2. The previous step can be skipped, because the original Japanese Vowels Dataset used in the paper [Cai et al.,2023] has already been converted to cepstral coefficients through Linear Predictive Coding (LPC) - another common speech feature extraction method. However, it requires additional preprocessing. Download the Japanese Vowels Dataset using this link (https://archive.ics.uci.edu/static/public/128/japanese+vowels.zip), unzip it to the /1_Japanese_Vowels_dataset subfolder in the current working directory, and generate the feature matrix with the same shape structure as in Step 72:


In [6]:
# Load the Japanese Vowels training dataset in ./1_Japanese_Vowels_dataset/ae.train
with open('./1_Japanese_Vowels_dataset/ae.train', 'r') as f:
    all_content = f.read()

# Separate LPCC-represented speech clips with 2 line breaks
speech_blocks = all_content.strip().split('\n\n')

# Convert all blocks into a NumPy array
lpcc_features = []
for block in speech_blocks:
    lines = block.strip().split('\n')
    lines_to_append = 29-len(lines) # append "nan" lines to make each block have 29 lines
    for _ in range(lines_to_append):
        lines.append(" ".join(["nan "]*12))
    matrix = [list(map(lambda x: float(x) if x.lower() != 'nan' else np.nan, line.strip().split())) for line in lines]
    lpcc_features.append(matrix)
lpcc_features_np = np.array(lpcc_features)[:240]  # Shape: (240, 29, 12)

print("Shape of LPCC features:", lpcc_features_np.shape)
save_path = "./1_Japanese_Vowels_dataset/processed_dataset"
os.makedirs(save_path, exist_ok=True)
np.save(f"{save_path}/lpcc_features.npy", lpcc_features_np)

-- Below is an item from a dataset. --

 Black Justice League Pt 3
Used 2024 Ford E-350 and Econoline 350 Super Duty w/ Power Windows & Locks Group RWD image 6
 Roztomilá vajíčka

Shape of LPCC features: (240, 29, 12)


3. Now, the raw audio dataset has been converted to a three-dimensional NumPy cepstral coefficients matrices (e.g. Japanese Vowel Dataset has a dimension of (240, 29, 12)) where the first dimension is the number of audio clips, the second dimension is the number of time windows in each audio clip, and the third dimension is the number of cepstral coefficients at each time window. Now, normalize the matrices to the range of [0,1] and perform binary thresholding to convert float coefficients to {0,1} binaries:

In [8]:
lpcc_features_nanmax = np.nanmax(
    lpcc_features_np, 
    axis=(1, 2), 
    keepdims=True)
lpcc_features_nanmin = np.nanmin(
    lpcc_features_np, 
    axis=(1, 2), 
    keepdims=True)
lpcc_features_norm = (
    lpcc_features_np - lpcc_features_nanmin) / (lpcc_features_nanmax - lpcc_features_nanmin)
lpcc_features_norm = np.nan_to_num(lpcc_features_norm)
lpcc_features_binary = np.where(lpcc_features_norm > 0.5, 1, 0)

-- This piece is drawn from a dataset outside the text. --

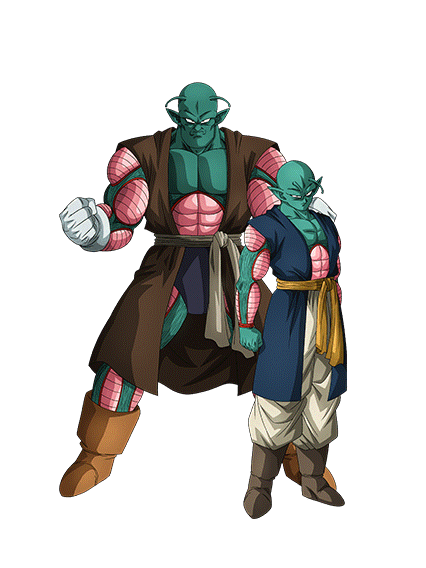 Saonel & Pirina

4. For each time window in each audio clip, collect non-zero indices, which will act as indices of stimulation electrodes during the stimulation stage:

In [9]:
import pickle

selected_stimulation_electrode_indices = []
for i in range(lpcc_features_binary.shape[0]):
    selected_stimulation_electrode_indices_per_clip = []
    for j in range(lpcc_features_binary.shape[1]):
        selected_stimulation_electrode_indices_per_clip.append(list(np.nonzero(lpcc_features_binary[i][j])[0]))
    selected_stimulation_electrode_indices.append(selected_stimulation_electrode_indices_per_clip)

save_path = "./1_Japanese_Vowels_dataset/processed_dataset"
os.makedirs(save_path, exist_ok=True)
with open(f'{save_path}/selected_stimulation_electrode_indices.pkl', 'wb') as f:
    pickle.dump(selected_stimulation_electrode_indices, f)

[PAUSE POINT] This concludes the preprocessing of the Japanese Vowel Dataset. The saved two-dimensional list selected_stimulation_electrode_indices determines which stimulation electrodes will be activated at each time step of each audio clip. For example, when the index at time step i is [0, 1, 4], the stimulation electrode #0, #1, and #4 will be activated and go through a bipolar voltage stimulation at time step I, while the other 9 electrodes will remain inactivated.